Government and free markets

Editor: 

Father Gregorio blames “free market” advocates for the dismal economic situation we are in. (“Do We Really Know What ‘Free Market’ Means?” March 6.) This is just plain wrong and it is important that people understand what really happened if we are to ever get out of the mess.

Regulation is not an all or nothing issue. Regulation in moderation is the key. In banking we want regulations, for example, that prevent banks from running off with our money among other things. So to advocate no regulation is a foolish position. But I assume that Father Gregorio knows that.

Freeing up the markets was not the cause of our current recession! Regulating the markets not to protect people but to achieve a social objective was the root cause of the problem. Sure, there was greed and irresponsibility involved, but the underlying cause was the government-imposed regulations.

In 1994, the Clinton Administration extended Carters Community Reinvestment Act and established quotas for diversity in bank loan portfolios. Banks were rated based on neighborhood, income level and race. This led to the explosion of the sub-prime lending market. Freddie and Fannie snapped up risky loans and became a home loan finance company.

In 2003, President Bush proposed a significant regulatory overhaul in the housing finance industry including a new regulator for Fannie and Freddie. Even after regulators uncovered a scheme to overstate earnings by $10.6 billion to boost executive bonuses, Democrats killed reform. Rep. Barney Frank said, “Fannie Mae and Freddie Mac are not facing any kind of financial crisis.”

In 2005, Alan Greenspan told Congress: “We are placing the total financial system of the future at substantial risk.” Sen. John McCain said, “If Congress does not act, American taxpayers will continue to be exposed to the enormous risk that Fannie and Freddie places on the housing market, the overall financial system and the economy as a whole.” Sen. Harry Reid accused the GOP of trying to “cripple the ability of Fannie and Freddie to carry out their mission of expanding home ownership.”

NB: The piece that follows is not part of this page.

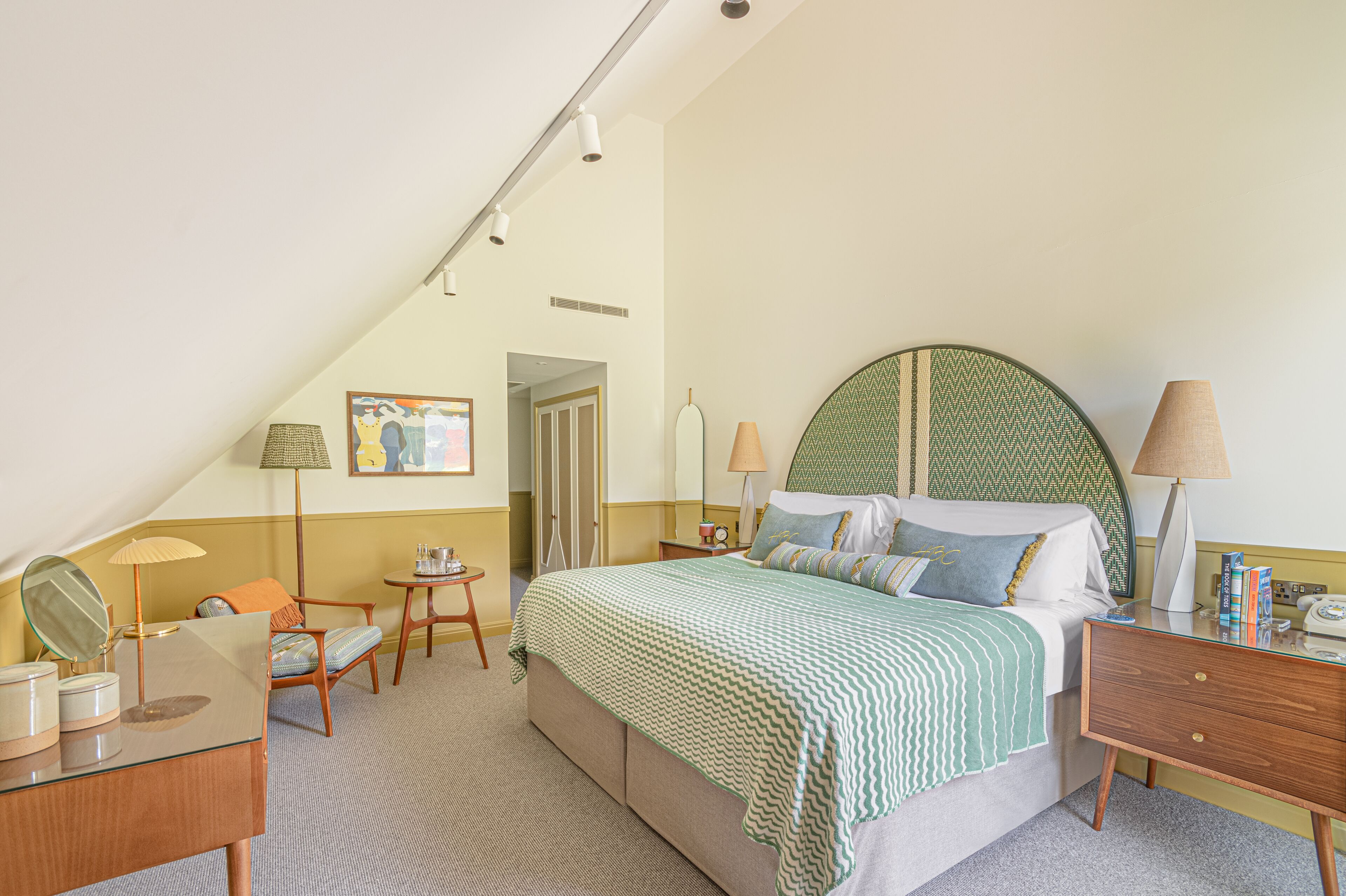A hotel room with a bed, bedside table, lamp, chair, and a small table with a lamp.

It is clear that Fannie and Freddie were created, regulated, largely run and protected by Democrats.

This is a great example of a situation where regulation was imposed to pursue a social objective with very dire unintended consequences. We are where we are not because of too little regulation but because of bad regulation. The markets were not free to behave in a responsible way and we now have the current crisis. People in the federal government are not all wise and pure of intent with the best interests of the entire country in mind. Some act to gain and reinforce their own power and prestige.

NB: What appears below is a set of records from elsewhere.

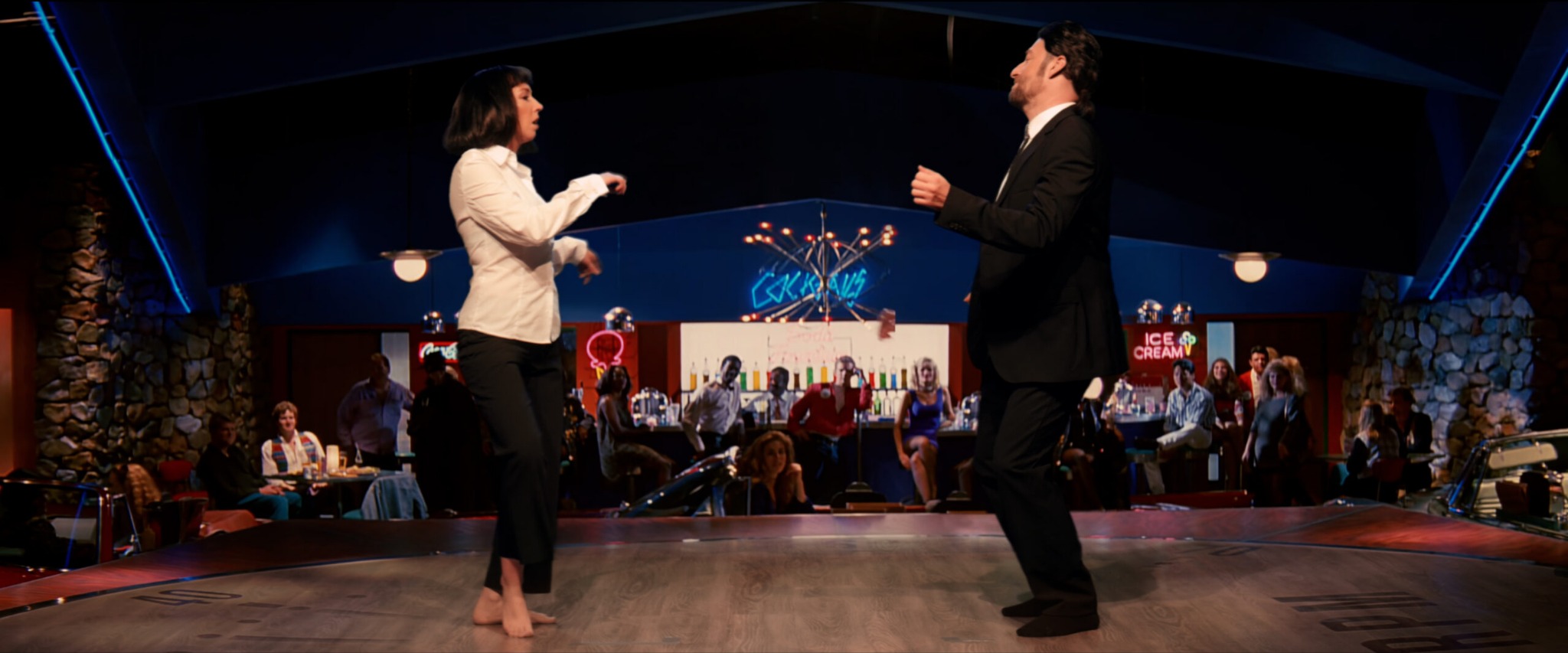 Scena taneczna z filmu, mężczyzna w garniturze i kobieta w białej koszuli, na tle baru z neonami i publicznością.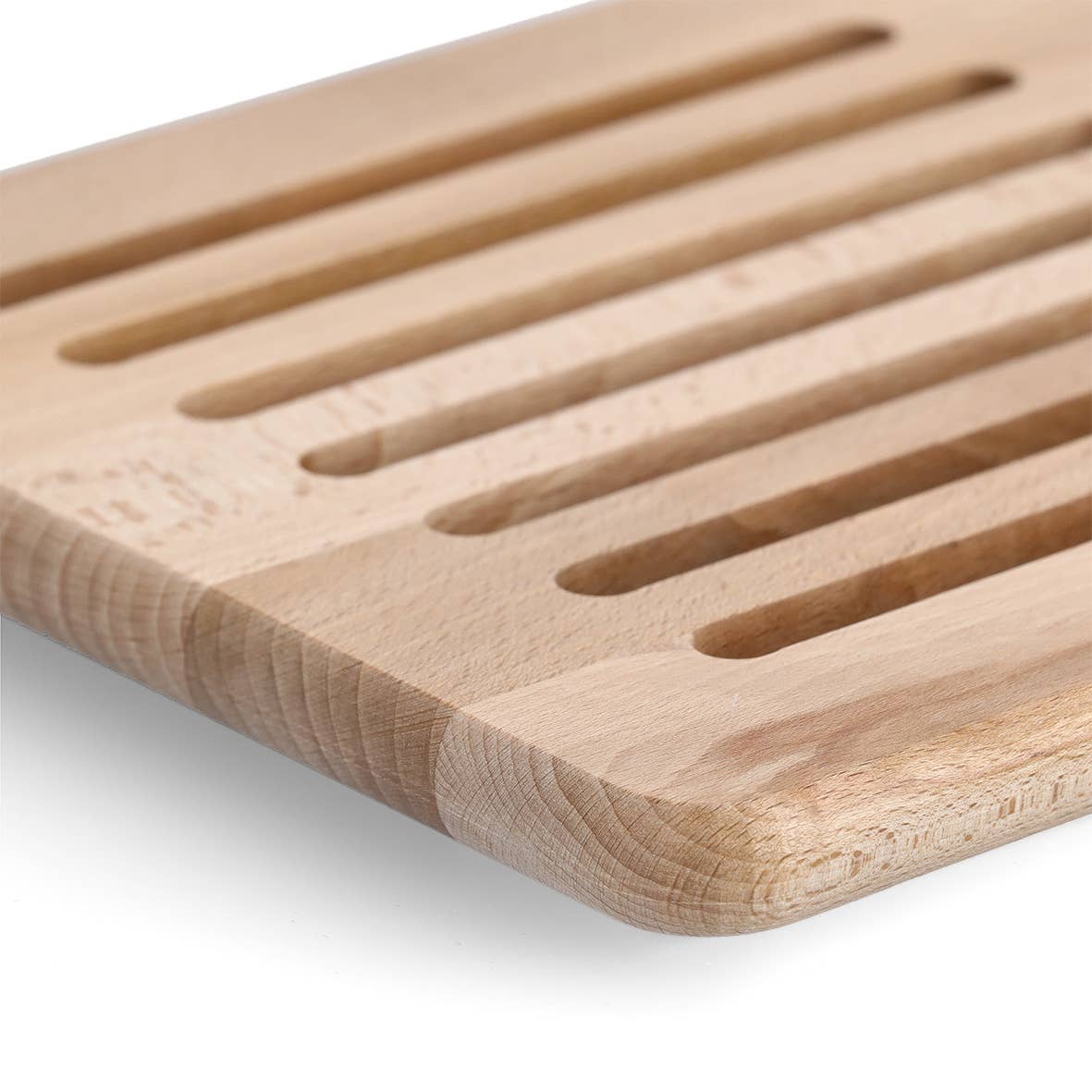 Grytunderlägg i bokträ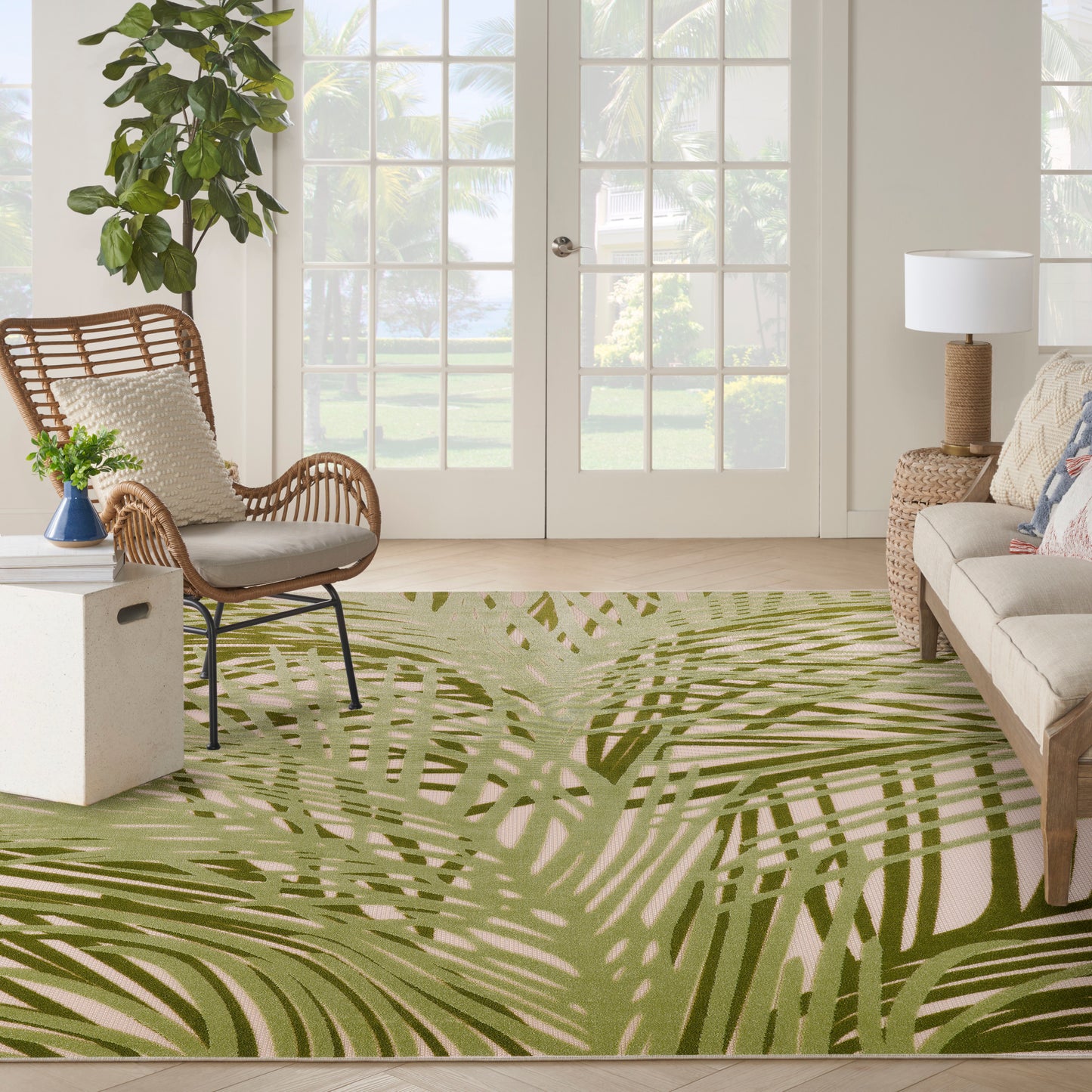 Living room with palm-leaf area rug in olive greens, wicker chair, neutral sofa, potted plant, glass-pane doors.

The free market was not the problem. The problem was excessive, misdirected regulation and involvement by the federal government. We have to understand how this happened and be very wary that it does not continue to happen. 

George Gershefski

Cherry Hill

 

Editor:

Father Gregorio blames low-taxes, too small government and an un-checked or poorly regulated “free market” as the culprit for the financial turmoil that is engulfing our country, and President George Bush and his administration as the facilitators. (“Do We Really Know What ‘Free Market’ Means?” March 6.) As is usually the case, the facts are much more involved and complicated than that, and the blame cannot simply be pinned to the previous administration.

While greed in the private sector is certainly the root of our financial crisis today, and seems to be endemic to the dark side of human nature, it is also the desire for power and influence by certain elected leaders, along with their abject greed and narcissism which has allowed this disaster to play out. They are the ones in favor of a larger, more intrusive government.

For example, when Congressman Barney Frank, as chairman of the Banking Committee and Sen. Chris Dodd demand that banks and mortgage giants Fannie Mae and Freddie Mac loosen up their lending requirements and give mortgages to people who cannot afford them, and then they guarantee that the government will back these doomed loans, what outcome can be expected?

When the heads of auto labor unions and “fat-cat” auto industry executives strike unsustainable long-term union contracts and the government places onerous, costly mileage mandates on the auto manufacturers instead of providing incentives to meet those goals, what outcome can be expected?

When the price of oil, which is the life blood of our economy and the world economy, suddenly goes through the roof, and we cannot tap our own resources, what outcome can be expected?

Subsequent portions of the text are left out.